In April 2007, the Federal Communications Commission posted a study of vertical integration in the cable television industry that reported the results of an econometric analysis of the industry. The paper, authored by prominent University of Chicago economist Austan Goolsbee and funded by the Commission, produced evidence said to suggest that cable TV operators favored their own content services, loading program line-ups with their own program networks, even when that programming was not preferred by customers.

Comcast, the largest U.S. cable operator, asked Arlington Economics to review the FCC’s study and to offer an independent evaluation. Thomas Hazlett, the author of “Cable Television” Chapter in the Handbook of Telecommunications Economics (2006) and co-author of Public Policy Toward Cable Television (MIT Press, 1997), took the assignment. The FCC paper by Prof. Goolsbee is available here. Hazlett’s White Paper was filed at the FCC on Oct. 22, 2007, and is available here.

There was much that the paper found compelling in the FCC analysis. Data presented therein revealed that cable TV programming networks have been growing rapidly in recent years, with the total number of national satellite-distributed channels increasing by “359 in the ten years from 1996 to 2005,” with “independent networks [making] up 311 of that 359, vertically integrated networks only 48.” Such gains dramatically expanded viewer choice, a productive outcome driven by the aggressive expansion of channel capacity undertaken cable TV operators. Interestingly, these developments have been accompanied by a substantial decline in vertical integration – the ownership of program networks by cable TV system operators – in recent years.

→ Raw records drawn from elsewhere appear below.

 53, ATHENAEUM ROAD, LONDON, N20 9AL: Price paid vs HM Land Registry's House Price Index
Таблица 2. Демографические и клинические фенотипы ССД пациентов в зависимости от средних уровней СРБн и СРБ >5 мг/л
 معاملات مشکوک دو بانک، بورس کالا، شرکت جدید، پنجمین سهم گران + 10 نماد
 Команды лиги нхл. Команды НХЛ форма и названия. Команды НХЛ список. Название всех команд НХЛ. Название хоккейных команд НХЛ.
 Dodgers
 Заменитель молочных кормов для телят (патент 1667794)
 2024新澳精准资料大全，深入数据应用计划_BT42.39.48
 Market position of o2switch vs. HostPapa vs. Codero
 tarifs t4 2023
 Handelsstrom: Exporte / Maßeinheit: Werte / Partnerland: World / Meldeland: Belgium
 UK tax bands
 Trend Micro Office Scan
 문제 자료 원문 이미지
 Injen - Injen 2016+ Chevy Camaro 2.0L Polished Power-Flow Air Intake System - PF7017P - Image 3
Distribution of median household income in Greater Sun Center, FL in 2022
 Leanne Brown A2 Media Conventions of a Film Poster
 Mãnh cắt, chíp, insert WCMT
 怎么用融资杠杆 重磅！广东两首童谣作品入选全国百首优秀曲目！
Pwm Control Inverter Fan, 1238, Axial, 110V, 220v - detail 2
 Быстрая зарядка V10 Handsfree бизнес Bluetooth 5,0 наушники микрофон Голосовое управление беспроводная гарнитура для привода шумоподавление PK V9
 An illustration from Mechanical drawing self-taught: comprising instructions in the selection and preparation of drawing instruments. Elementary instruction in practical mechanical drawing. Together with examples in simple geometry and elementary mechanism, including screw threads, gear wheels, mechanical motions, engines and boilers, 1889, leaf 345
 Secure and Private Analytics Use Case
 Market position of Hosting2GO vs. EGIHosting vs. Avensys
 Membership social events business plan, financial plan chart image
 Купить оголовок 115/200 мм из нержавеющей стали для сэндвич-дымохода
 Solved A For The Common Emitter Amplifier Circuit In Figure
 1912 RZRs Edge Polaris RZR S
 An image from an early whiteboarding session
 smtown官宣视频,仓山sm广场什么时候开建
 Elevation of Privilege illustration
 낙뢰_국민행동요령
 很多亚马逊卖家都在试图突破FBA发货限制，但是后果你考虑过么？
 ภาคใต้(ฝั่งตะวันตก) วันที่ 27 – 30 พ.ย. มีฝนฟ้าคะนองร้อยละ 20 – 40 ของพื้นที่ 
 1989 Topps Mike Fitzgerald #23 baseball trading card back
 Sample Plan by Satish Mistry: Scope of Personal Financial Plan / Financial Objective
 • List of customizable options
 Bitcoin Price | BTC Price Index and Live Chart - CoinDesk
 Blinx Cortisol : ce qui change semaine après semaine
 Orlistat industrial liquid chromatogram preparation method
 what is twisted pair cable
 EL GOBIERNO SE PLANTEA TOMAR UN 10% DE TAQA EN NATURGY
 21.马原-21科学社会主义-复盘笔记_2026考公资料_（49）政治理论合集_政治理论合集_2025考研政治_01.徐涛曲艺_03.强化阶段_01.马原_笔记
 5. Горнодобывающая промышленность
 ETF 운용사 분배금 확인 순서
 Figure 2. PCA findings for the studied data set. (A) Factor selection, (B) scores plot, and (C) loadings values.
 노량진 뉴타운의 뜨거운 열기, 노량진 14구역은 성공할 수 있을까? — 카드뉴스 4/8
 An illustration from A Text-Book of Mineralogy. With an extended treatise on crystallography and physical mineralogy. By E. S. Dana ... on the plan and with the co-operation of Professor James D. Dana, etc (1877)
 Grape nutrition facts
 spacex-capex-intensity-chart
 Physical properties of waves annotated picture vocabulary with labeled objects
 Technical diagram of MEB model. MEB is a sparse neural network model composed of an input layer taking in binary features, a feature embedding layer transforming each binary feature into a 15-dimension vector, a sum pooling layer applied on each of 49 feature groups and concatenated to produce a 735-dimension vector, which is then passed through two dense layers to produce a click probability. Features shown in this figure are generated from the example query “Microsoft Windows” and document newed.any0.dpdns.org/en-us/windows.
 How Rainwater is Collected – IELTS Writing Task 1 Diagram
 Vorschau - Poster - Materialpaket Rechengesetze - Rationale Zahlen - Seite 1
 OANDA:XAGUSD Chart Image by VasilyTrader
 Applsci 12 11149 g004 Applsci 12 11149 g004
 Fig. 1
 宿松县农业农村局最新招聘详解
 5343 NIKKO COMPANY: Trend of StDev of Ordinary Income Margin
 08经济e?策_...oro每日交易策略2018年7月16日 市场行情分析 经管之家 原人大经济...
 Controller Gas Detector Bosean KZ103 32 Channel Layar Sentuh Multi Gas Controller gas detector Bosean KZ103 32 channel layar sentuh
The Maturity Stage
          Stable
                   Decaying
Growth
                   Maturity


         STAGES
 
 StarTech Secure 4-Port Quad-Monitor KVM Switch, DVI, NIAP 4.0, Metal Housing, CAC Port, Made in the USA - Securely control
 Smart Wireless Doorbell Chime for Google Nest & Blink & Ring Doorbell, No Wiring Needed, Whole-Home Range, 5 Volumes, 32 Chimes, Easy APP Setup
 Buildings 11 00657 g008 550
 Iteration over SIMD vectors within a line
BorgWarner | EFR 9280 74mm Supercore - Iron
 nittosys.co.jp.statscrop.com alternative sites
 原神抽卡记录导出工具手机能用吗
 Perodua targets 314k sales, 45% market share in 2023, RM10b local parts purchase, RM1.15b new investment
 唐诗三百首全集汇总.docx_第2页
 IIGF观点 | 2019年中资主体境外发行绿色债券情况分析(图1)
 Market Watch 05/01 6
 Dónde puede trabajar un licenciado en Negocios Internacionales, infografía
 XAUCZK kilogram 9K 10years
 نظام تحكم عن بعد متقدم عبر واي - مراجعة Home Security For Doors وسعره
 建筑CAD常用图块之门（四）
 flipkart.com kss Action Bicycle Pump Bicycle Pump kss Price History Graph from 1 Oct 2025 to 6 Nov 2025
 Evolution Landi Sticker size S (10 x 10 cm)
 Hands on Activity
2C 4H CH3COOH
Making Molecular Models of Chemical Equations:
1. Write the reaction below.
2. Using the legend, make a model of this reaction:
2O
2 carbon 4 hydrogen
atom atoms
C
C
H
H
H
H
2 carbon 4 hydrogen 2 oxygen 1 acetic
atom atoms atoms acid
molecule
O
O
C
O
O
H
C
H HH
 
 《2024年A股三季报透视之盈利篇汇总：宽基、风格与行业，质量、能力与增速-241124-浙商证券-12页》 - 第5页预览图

The two econometric analyses undertaken in the FCC paper were more problematic. The first purported to show that cable TV networks owned by cable TV system operators were no more profitable, or efficient, than non-integrated networks. The statistical test was not well designed, however, and policy conclusions were warranted. For instance, in the FCC paper, the 1996 acquisition of Turner Broadcasting (owner of CNN, TBS, TNT and other channels) by Time Warner suggested that vertical integration had reduced efficiency, given that during the years following Turner’s acquisition its sales and profit growth lagged previous results. Yet, the merger was highly favorable to Ted Turner and the investors who launched Turner Broadcasting, who had encountered financial difficulties and – through Time Warner – were happy to avert a take-over by News Corp. Indeed, with Time Warner thwarting News Corp’s attempted takeover of Turner, it launched its own competitor to CNN, Fox News, sparking a highly-competitive rivalry in programming that has produced diverse offerings for viewers.

The second econometric study investigated whether cable TV systems favored their own networks when programming their local systems, and if so, if that level of favoritism declined as competition in the local market grew more intense. This test was designed to reveal the degree to which cable operators discriminated against competing network program owners. But it was fundamentally flawed, as shown in the Hazlett White Paper. The variable used to measure competitive intensity was satellite TV subscribership in the area – where more sat TV subscribers were found, the local cable operator was said to face more competition. Satellite TV systems offer uniform prices and services nationwide. Local variations in subscribership levels are not a function of more or less competitive offerings, but of differing levels of cable TV availability (where cable passes fewer homes, a substantially higher percentage of households subscribe to satellite).

Yet, even setting this consideration aside, the reported results in the FCC analysis were extremely revealing. In most cases, cable operators were found to discriminate against their own programming, an implausible result. While the FCC’s paper suggested that regulation might be appropriate to remedy a perceived problem of operator discrimination, it had misconstrued its own findings. The proper interpretation of the FCC’s analysis made clear that the paper had revealed there to be no problem to remedy.